ARABİDEN serbest tercüme ediyorum, "Harábeler anlamına gelen ve bestesi Riyad Sunbati’ye, güftesi de İbrahim Naci’ye ait olan "El Atlal" adlı hüzzam şarkı şöyle der:
"Azád eyle beni, çöz ellerimi / Çöpüm yok, verdim sana her şeyimi / Bak, kanıyor hála bileklerim. / Neden bu kelepçe, aldın ya her şeyimi / Niye kölen kalayım, beni beklerken dünya nimetlerim."
Demek tam kırk yıl olmuş ve ben, sanki dünmüş gibi hatırlıyorum.
* * *
HATIRLIYORUM ki, ilkin beş lambalı "Edison" aparat başında ve parazit cızırtıları arasında, Kahire istasyonu antenlerinde ağlayan Cemal Abdülnasır’ın nutkunu dinlemiştim.
Tek kelimesini anlamıyorum ama ne değişir ki!
Söylediklerinin bilincine ve vehámetine varmak için, Almancayla birlikte dünyanın en mükemmel belágát ve en heyecanlı ajitasyon lisánı olan Arapçaya vakıf olmak gerekmiyor.
Yüzde doksan doksan dokuz virgül doksan ihtimalledir ki "Reis" yenilgiden; yenilgi ne kelime, hezimetten; hezimet ne kelime, bozgundan; bozgun ne kelime, feláketten yakınıyor.
Benim de ağlayasım, hıçkıra hıçkıra ve hüngür hüngür ağlayasım geliyor.
* * *
O bitti ve bu defa cızırtılar arasından "Azád eyle beni, çöz ellerimi" yükseldi.

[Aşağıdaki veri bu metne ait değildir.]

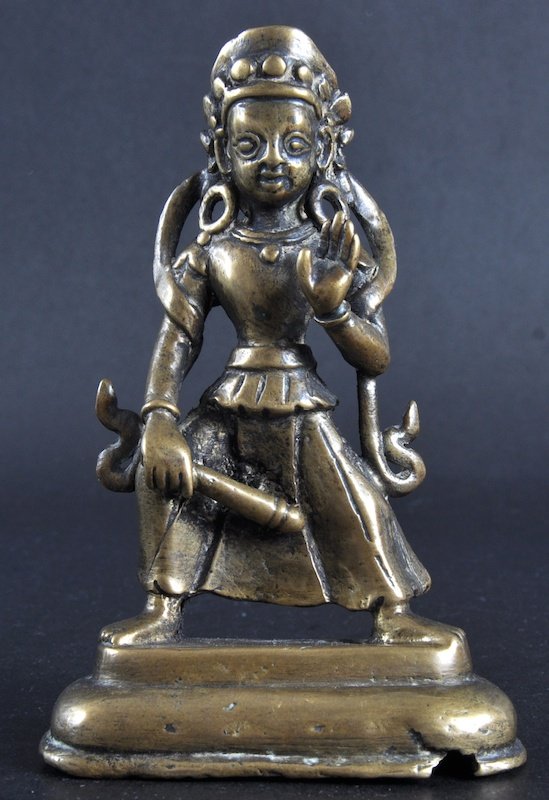 A 16TH/17TH CENTURY INDIAN BRONZE FIGURE OF A FEMA: A 16TH/17TH CENTURY INDIAN BRONZE FIGURE OF A FEMALE modelled holding a baton in one hand, upon a rectangular base. 5. 25ins high.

Kahire’den Kadıköy’e ulaşan emsálsiz ses ve sonsuz hüzün odayı doldurdu.
Tabii ki güfteyi de anlamıyorum. Manáyı ancak çeyrek yüzyıl sonra öğreneğim. Olsun, yine ne değişir ki!
Çünkü şimdi Ümmü Gülsüm;çünkü şimdi "Hanım"; çünkü şimdi "Diva" Nil kıyısındaki Hertz vericisinde ve hüzzam makamında, "Harábeler"i haykırıyor.
"Neden bu kelepçe, aldın ya her şeyimi"!
"Reis" gibi o da ağlıyor ve o da ağlatıyor.
Babam içeriden "kapat yalelliyi" diye azarladı.
Kapatıyorum ve ağlayarak, Bükreş radyosundaki klasik müziğe dönüyorum.
* * *
TAM kırk yıl önce bugün başladığına göre, demek ki onbeş buçuk yaşındaymışım.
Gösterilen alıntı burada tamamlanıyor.